[WORK ITEM] Give back, word for word, only the lines from the opening of the records through the one with "Rivian Adventure Network & Waypoints map". Pictures stay out.

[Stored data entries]
[Start of section]

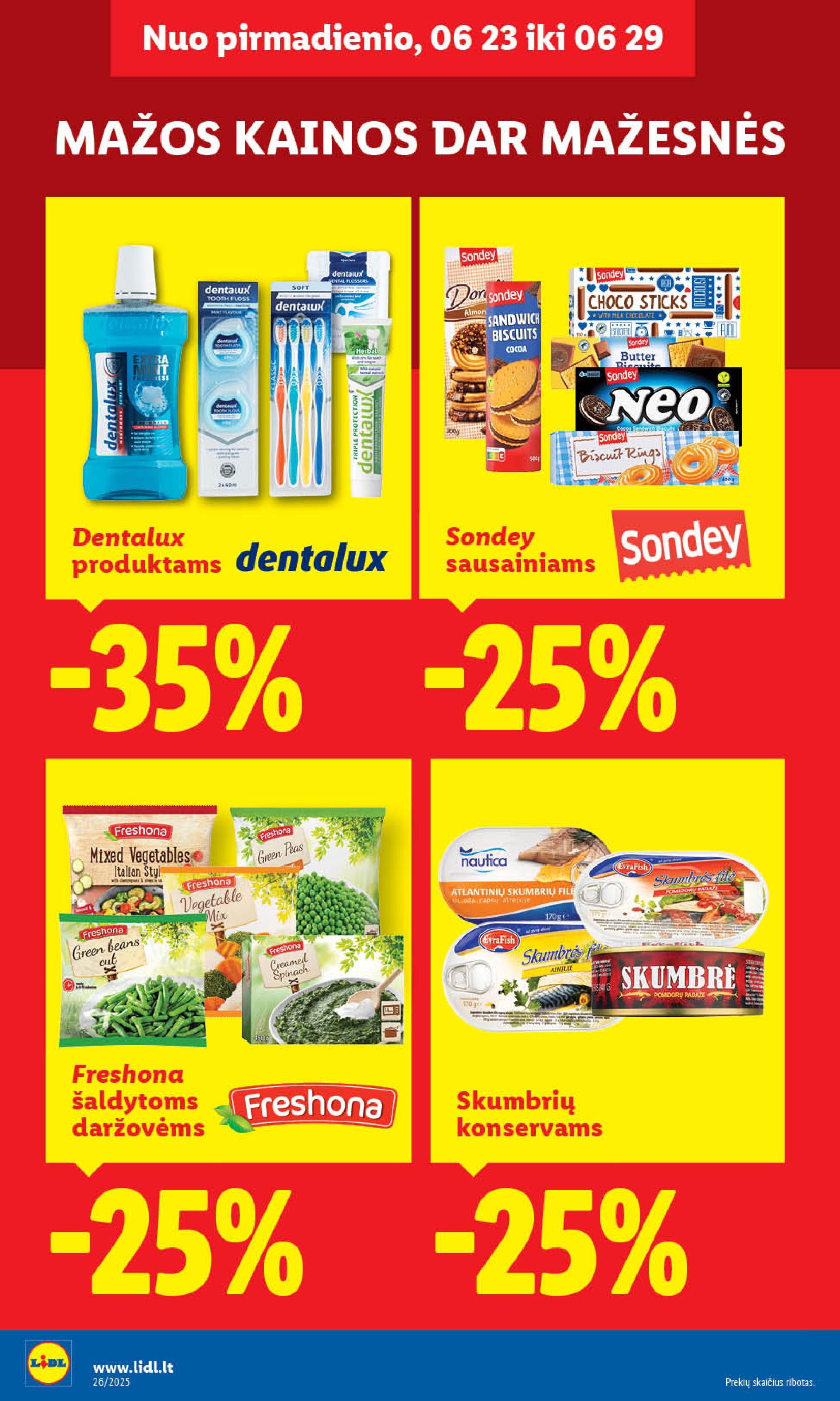 Naujausias LIDL kaininis katalogas 2025.06.23 - 2025.06.29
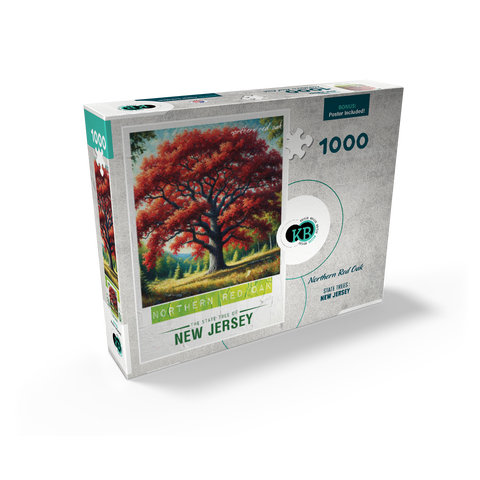 State Trees Series: New Jersey, Northern Red Oak 1000 Jigsaw Puzzle box view2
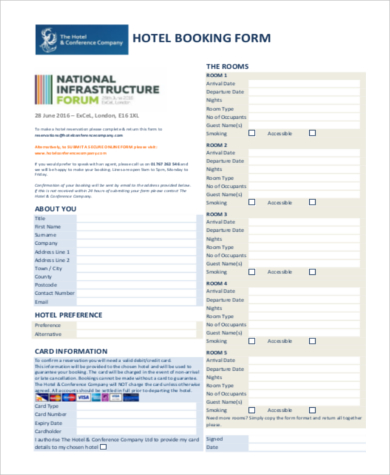 FREE 10+ Sample Hotel Reservation Forms in MS Word | PDF | Excel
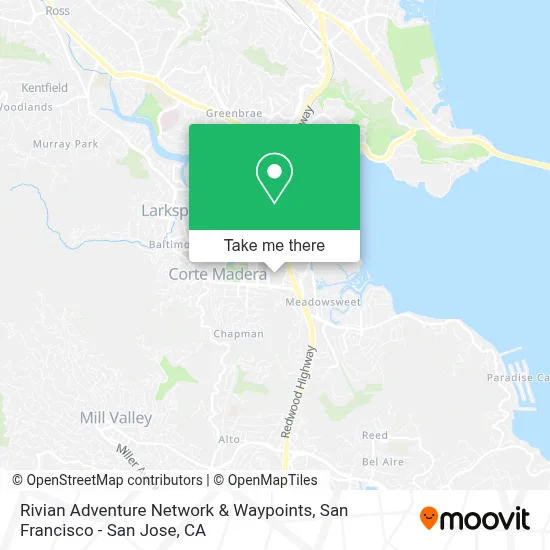 Rivian Adventure Network & Waypoints map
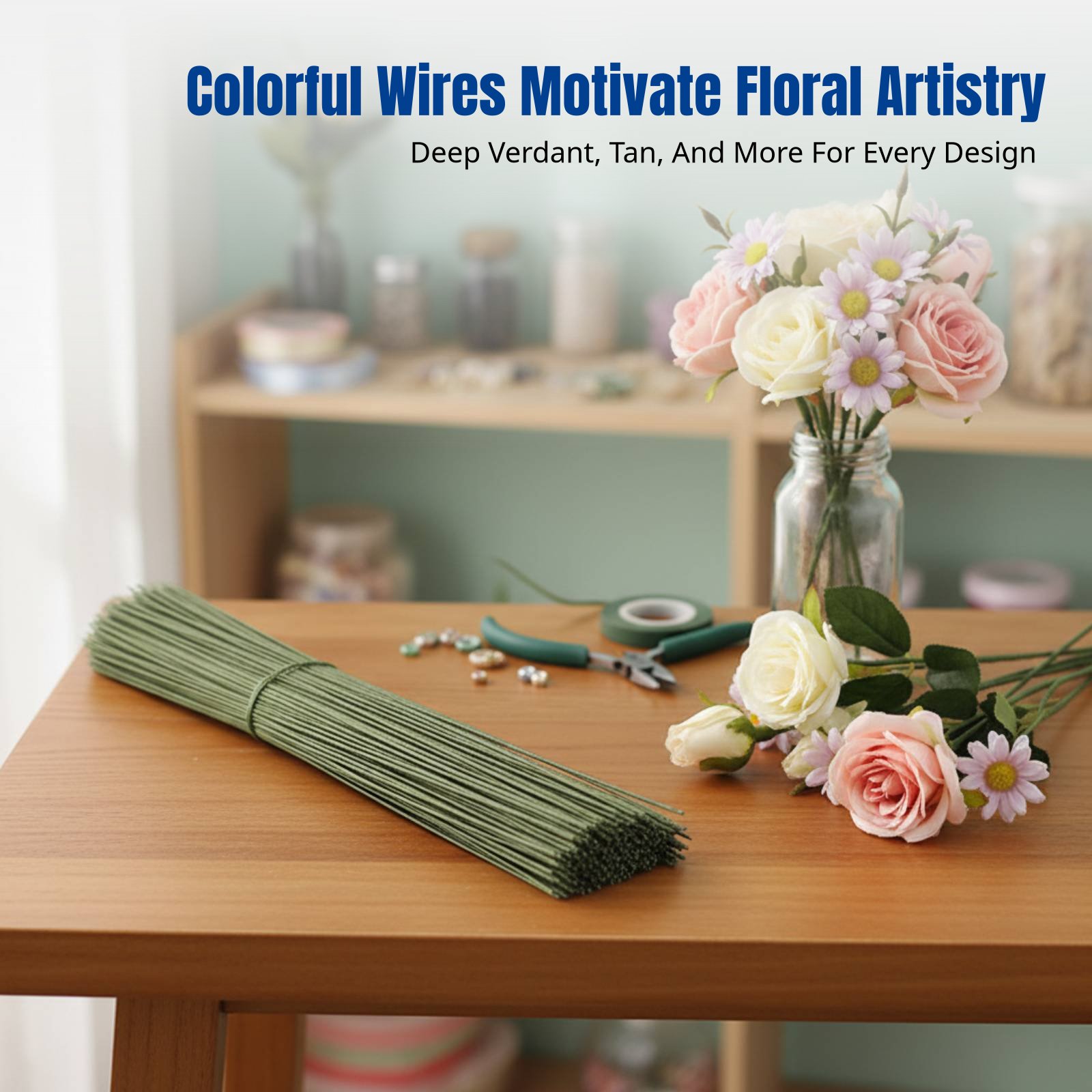 DIY Handcraft Floral Stem Wire - Flower Supplies 评论和价格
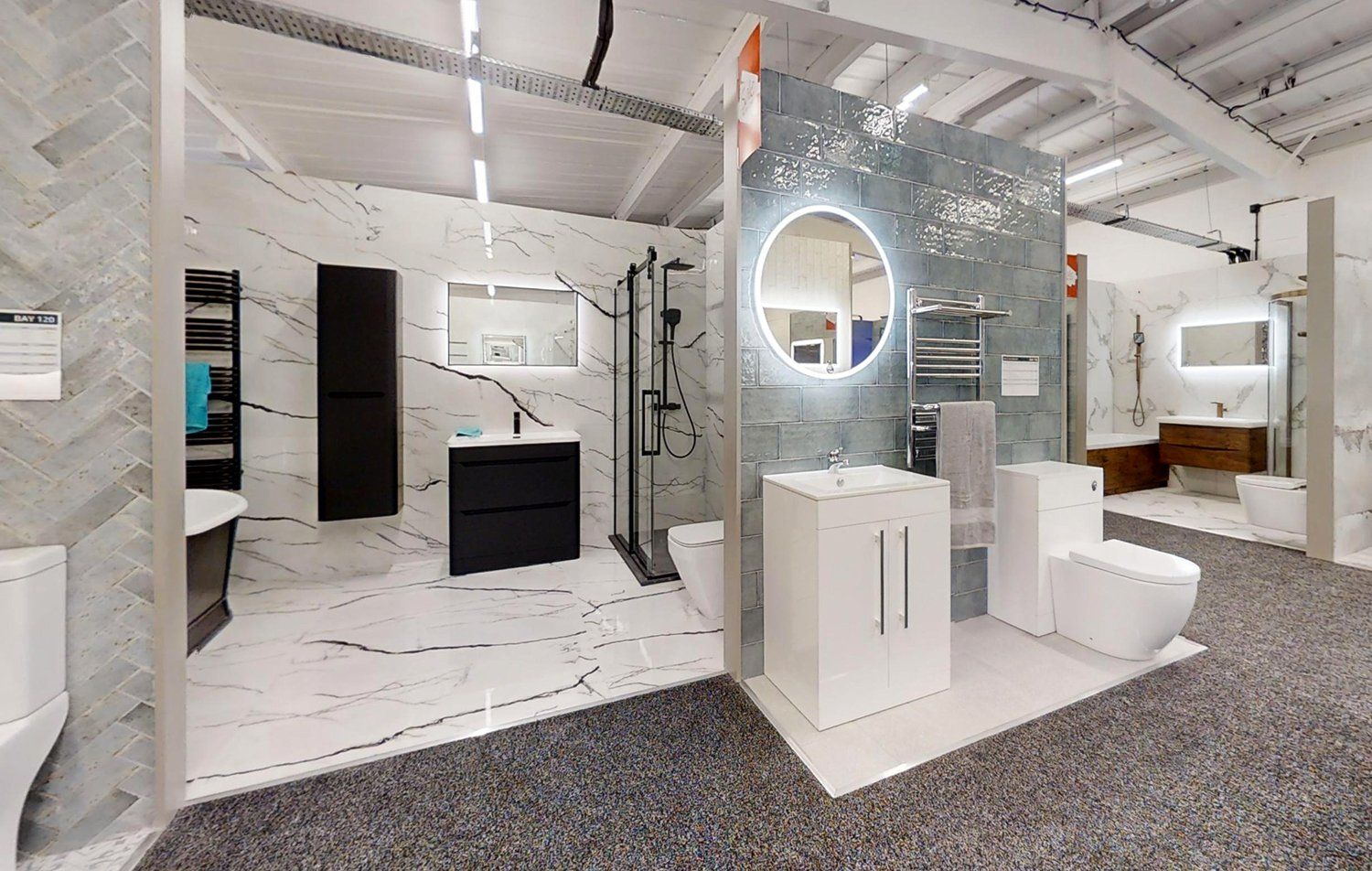 Easy Bathrooms & Tiles Wrexham Showroom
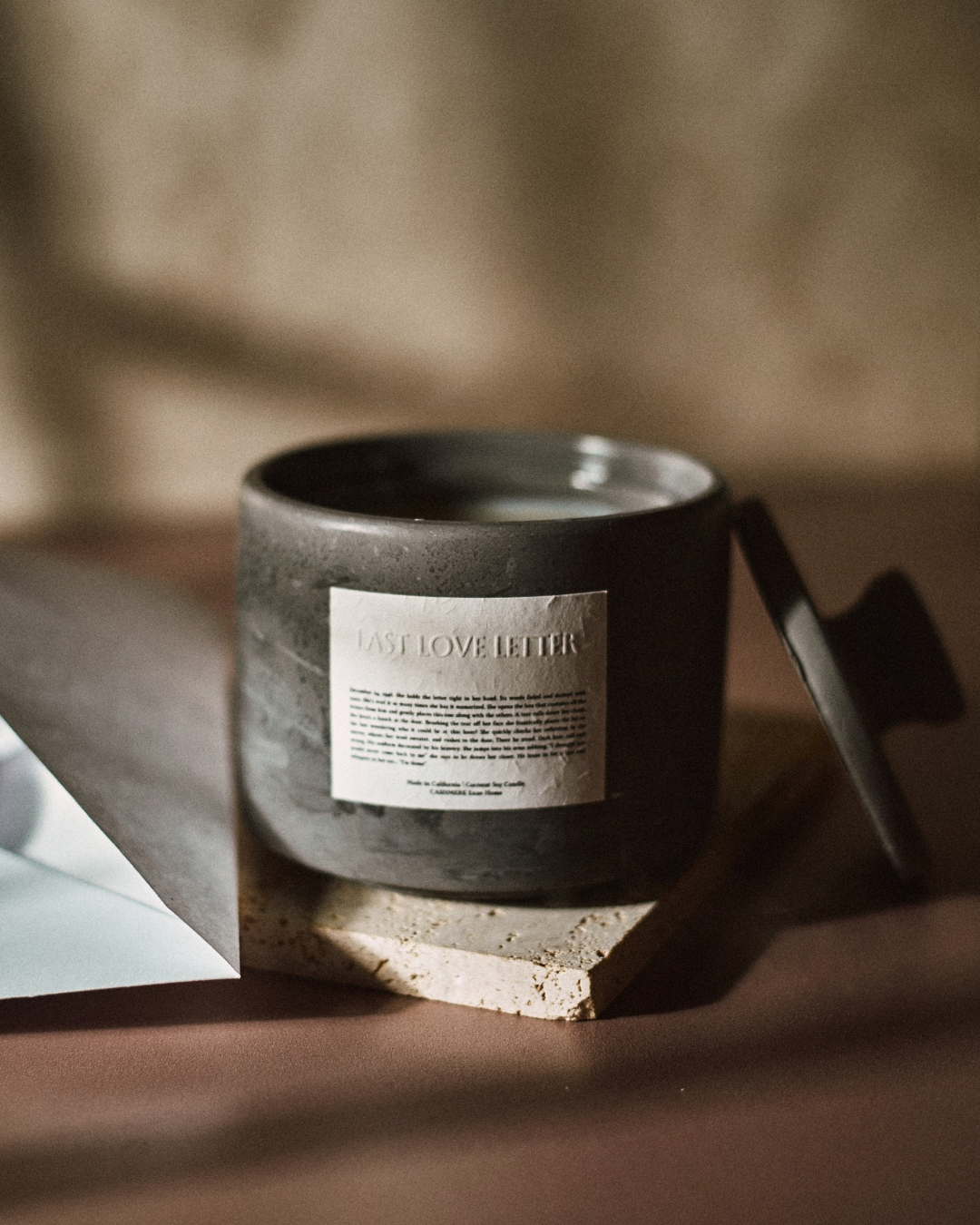 Last Love Letter Concrete Luxury Jar Candle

[End of section]

[OUTPUT BELOW]
 Naujausias LIDL kaininis katalogas 2025.06.23 - 2025.06.29
 State Trees Series: New Jersey, Northern Red Oak 1000 Jigsaw Puzzle box view2
 FREE 10+ Sample Hotel Reservation Forms in MS Word | PDF | Excel
 Rivian Adventure Network & Waypoints map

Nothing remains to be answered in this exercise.